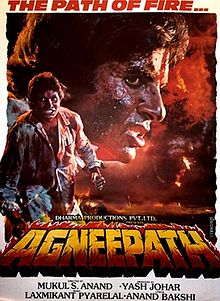 download movie agneepath 1990 film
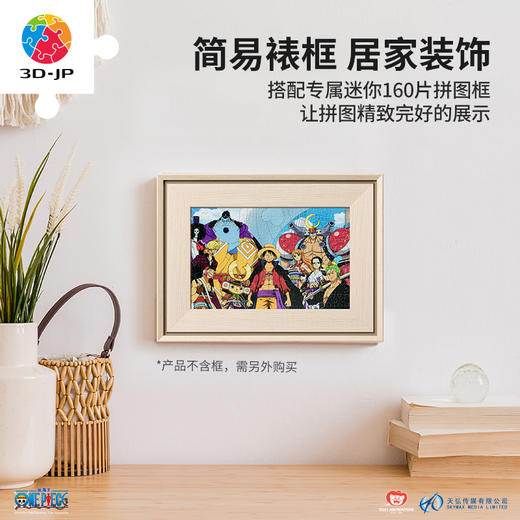 【折扣商品 不退不换】160片 迷你拼图 Q1146 ONE PIECE-初心 商品图2
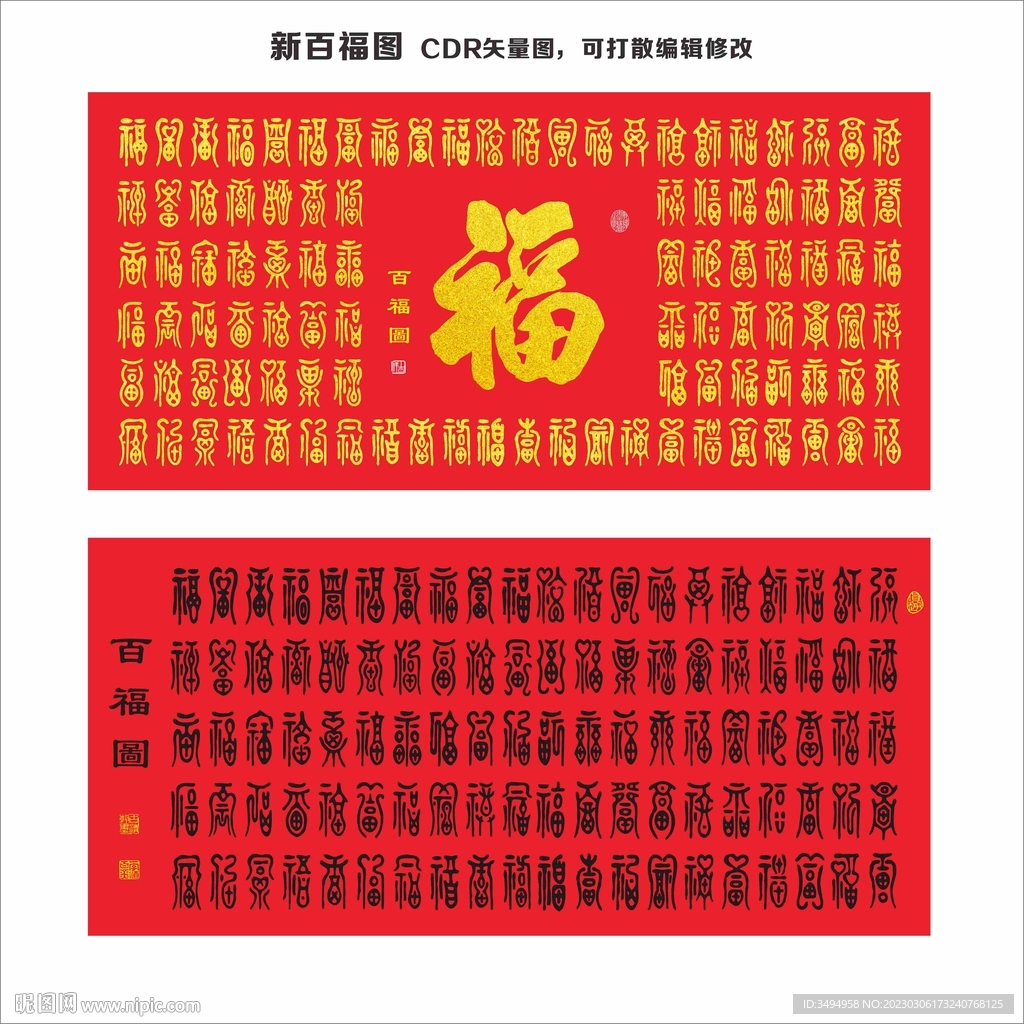 百福图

+===+

• [Exercise objective] Give the data again exactly as written, with all pictures left out.

• [Answer to the exercise]
 download movie agneepath 1990 film
 【折扣商品 不退不换】160片 迷你拼图 Q1146 ONE PIECE-初心 商品图2
 百福图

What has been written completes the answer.